Am I teaching tomorrow you ask? Well don't worry I don't know the answer either, they told me I'll find out in the morning. So the internship is a bit informal, but I'm ok with it as long as they are.
Today I met a mzungu at the school who is volunteering somewhere near here. She is a middle-aged woman from IL and immediately she tried to philanthropically show me up...telling me how often she donates/volunteers/comes to africa/what countries, man, she was like a firehouse of self-righteous volunteerism- anyways, I dont think I'll see her again, but I thought I'd mention that.

I took a motorcycle taxi to town today for the first time. Its about a 10/15 minute ride depending on road conditions. They are a little nerve racking...but that is public transportation here so I guess I'll roll with it (oh gross pun, disregard that).

oh ha! i almost forgot this! Apparently since we live so close to the lake, hippos walk up on shore at night and graze all around our fenced in yard! they are just there, that close, just like cows grazing, I haven't seen them yet, but hopefully I'll get some good photos when they do come. and believe me they are huge!

I have my own bedroom here and sleep under a mosquito net. I also spray down with DEET at night. I'm sure that's not good for me, but I don't really want malaria or any of that. And every morning (well twice now) that I wake up there is one mosquito inside the net....hopefully there will be no more. I bet everyone thinks I stink, "No I swear, its the DEET."

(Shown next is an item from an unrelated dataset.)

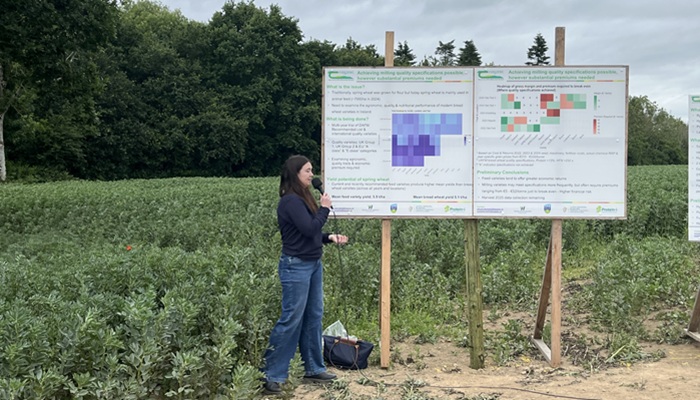 Sinead Dermody speaking in front of a display at the Crops and Technology Open Day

Everything is going well, internet is a little less available here, but I'll try to keep this updated.
:)

Miss and love you all!

Friday, October 23, 2009

Thursdays are the best days. and an LCD monitor could do your job.

I love Thursdays. It is the one day my host mom has off work and Tracy is always in such a good mood when they get to spend time together. Mama Tracy works usually 14 hours a day, and 6 days a week. And she told me today she makes about $300 a month.

Think.

Wednesday was our last day of class, we had our Swahili final- which I think went well, and the rest of the day off. I went to the University of Nairobi and studied in the International Development Studies library for like 5 hours, just reading books upon books- and found good stuff for my papers. And I know I’ve already said this but a book published after I was born is a rare find there. I have 3 term papers that aren’t due until December but I’m trying to get a head start. I left at around 5 and walked to the Posta stop to grab a bus. I waited for about half an hour while numerous 46s and 4Ws passed, but no 32s which take me closest to my house. Sitting at this bus stop I grew quite frustrated with efficiency in Nairobi. There is SO much work here being done by people that has been mechanized in other countries. Not to say their work isn’t valuable, but it most likely poorly paid and as my professor would say, a waste of people’s time. They could be working in r&d, going to school, or in a specialized trade- is holding a sign with a number on it out of a bus window and collecting fare- things that can be done by (a) an LCD screen and (b) an automated change counter- really a positive contribution to the nations economy and development? (This question can also be expanded to things like laundry, dishwashing, lugging jugs of water around, storing water to use during rationing, the list goes on, but I’ll stop here.)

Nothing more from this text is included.